転職は3度目。慣れない化粧品業界のカルチャーに最初は戸惑ったが、大規模な倉庫統合をやりとげ、運送会社との価格交渉に貢献した。「男社会」の物流業界とベンチャーで鍛えた彼女のパワーの源とは。
丸山三千代●オルビス SCM推進部 課長。1968年東京都生まれ。専門学校卒業後、ヤマトシステム開発、法律事務所、ベンチャー企業に勤務後、2004年に入社。受注業務部を経て08年より物流チーム(現SCM推進部)。10年より現職。
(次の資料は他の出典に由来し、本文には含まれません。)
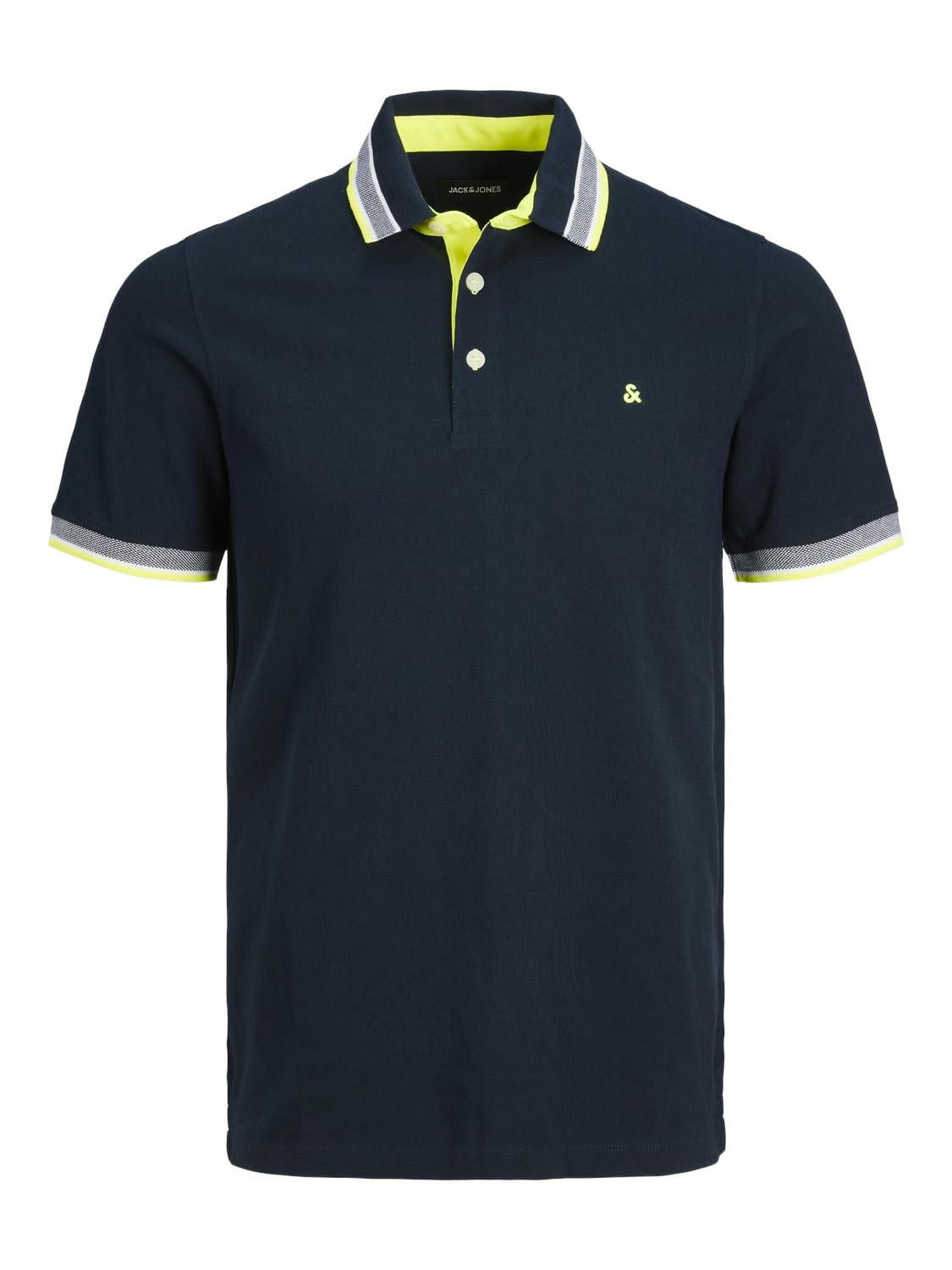 Jack & Jones Jjepaulos Polo SS Noos Polo Hombre (Pack de 1) — view 135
「強い言葉」は封印。現場で慕われるあねご肌のリーダー

埼玉県加須(かぞ)市。周囲に田園風景が広がる「騎西(きさい)流通センター」は、延べ床面積1万2623坪の巨大倉庫だ。化粧品メーカーのオルビスがここに「東日本流通センター」を開設したのは6年前。当時、関東3カ所にあった流通拠点を、西宮(兵庫)と加須の2カ所に再編・統合した。丸山三千代さんは、その再編プロジェクトの主要メンバー。統合後も月に2度は訪れる。

「ここに来たら、パートの方々となるべく多くコミュニケーションを取るようにしているんです」

LEDの照明がまぶしいほどに明るいフロアでは、この日もパートタイムの従業員が商品のピッキング作業を行っていた。

「本社のコールセンターでは、お客さまから箱詰めの仕方や緩衝材についてご要望をいただくことも多いんです。その声にすぐ対応するには、『同梱(どうこん)すると商品が傷つきやすくなる組み合わせは?』『この商品のセットには、緩衝材がいくつ必要?』といった課題を共有することが何よりも大事。意見を求めることは、現場で働く人のモチベーションになるし、いつも現場を見ているよ、というメッセージにもなると思うんです」

丸山さんは同社で働き始める前に、3つの職場を経験している。ヤマト運輸グループのシステム開発会社、法律事務所、そして知人の誘いでカードの決済事業を行うベンチャー企業に立ち上げから参加した。

「営業から人事、総務、経理といった管理部署の仕組み作りまで、何でも屋のように働きました。最初の会社では受け身だったので、働くことに対する意識が大きく変わりましたね。苦しかったけれど、ベンチャーのおかげで仕事や人に対する度胸がつきました」

流通センターで「あねご肌」と言われて親しまれる丸山さんの原点は、ここにあるのだろう。